System Design for Intelligent Web Services
Add to Google Calendar
The devices and software systems we interact with on a daily basis are more intelligent than ever. The computing required to deliver these experiences for end-users is hosted in Warehouse Scale Computers (WSC) where intelligent web services are employed to process user images, speech, and text. These intelligent web services are emerging as one of the fastest growing class of web services. Given the expectation of users moving forward is an experience that uses intelligent web services, the demand for this type of processing is going to drastically increase. Today's cloud infrastructures, tuned for traditional workloads such as Web Search and social networks, are not adequately equipped to sustain this demand.
This dissertation shows that applications that use intelligent web service processing on the path of a single query require orders of magnitude more computational resources than traditional Web Search. Intelligent web services use large pretrained machine learning models to process image, speech, and text based inputs and generate a prediction. As this dissertation investigates, we find that hosting intelligent web services in today's infrastructure exposes three critical problems: 1) current infrastructures are computationally inadequate to host this new class of services, 2) system designers are unaware of the bottlenecks exposed by these services and the implications on future designs, 3) the rapid algorithmic churn of these intelligent services deprecates current designs at an even faster rate.

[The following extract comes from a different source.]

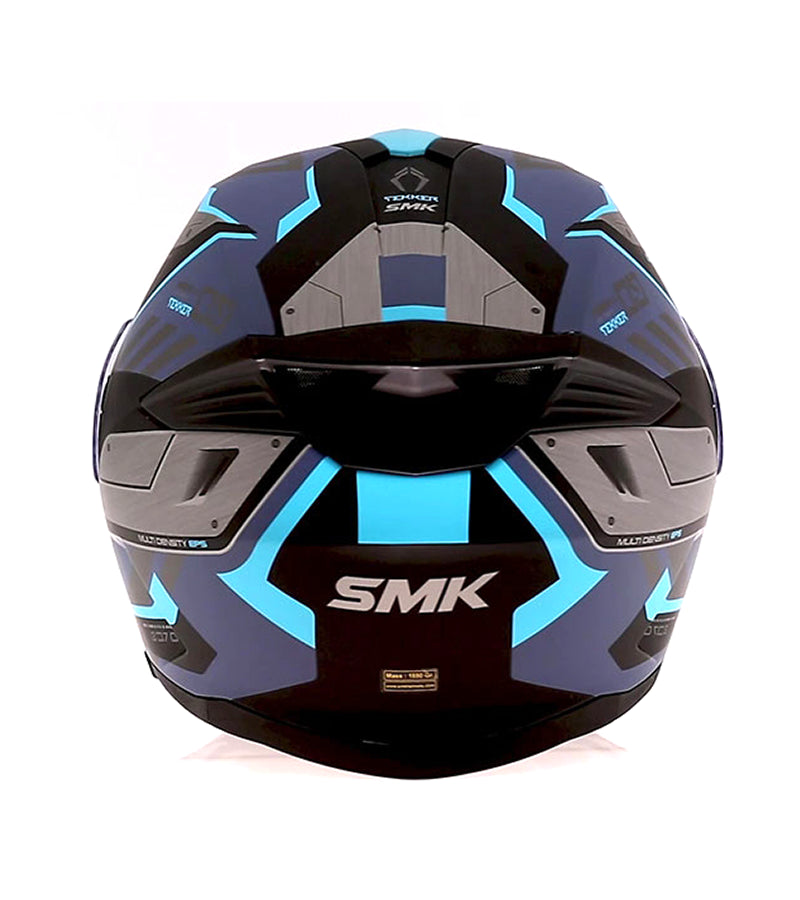 SMK Gullwing Tekker Matt Black Grey Blue (MA265) Modular Helmet - Motovile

This dissertation investigates and addresses each of these problems. After building a representative workload to show the computational resources that would be required by an application composed of three intelligent web services, this dissertation first argues that hardware acceleration is required on the path of a query to sustain demand moving forward. Second, we focus on Deep Neural Networks (DNN), a state-of-the- art algorithm for intelligent web services, identifying critical compute bottlenecks that inform the design of a system based on Graphics Processing Units (GPUs). Finally, we design a runtime system based on a GPU equipped server that improves upon hitherto designed systems accounting for recent advances in intelligent service algorithms.
By thoroughly addressing these problems, we produce designs for WSC that are equipped to handle the future demand for intelligent web services. The investigations in this thesis address significant computational bottlenecks and lead to system designs that are more efficient and cost-effective for this new class of web services.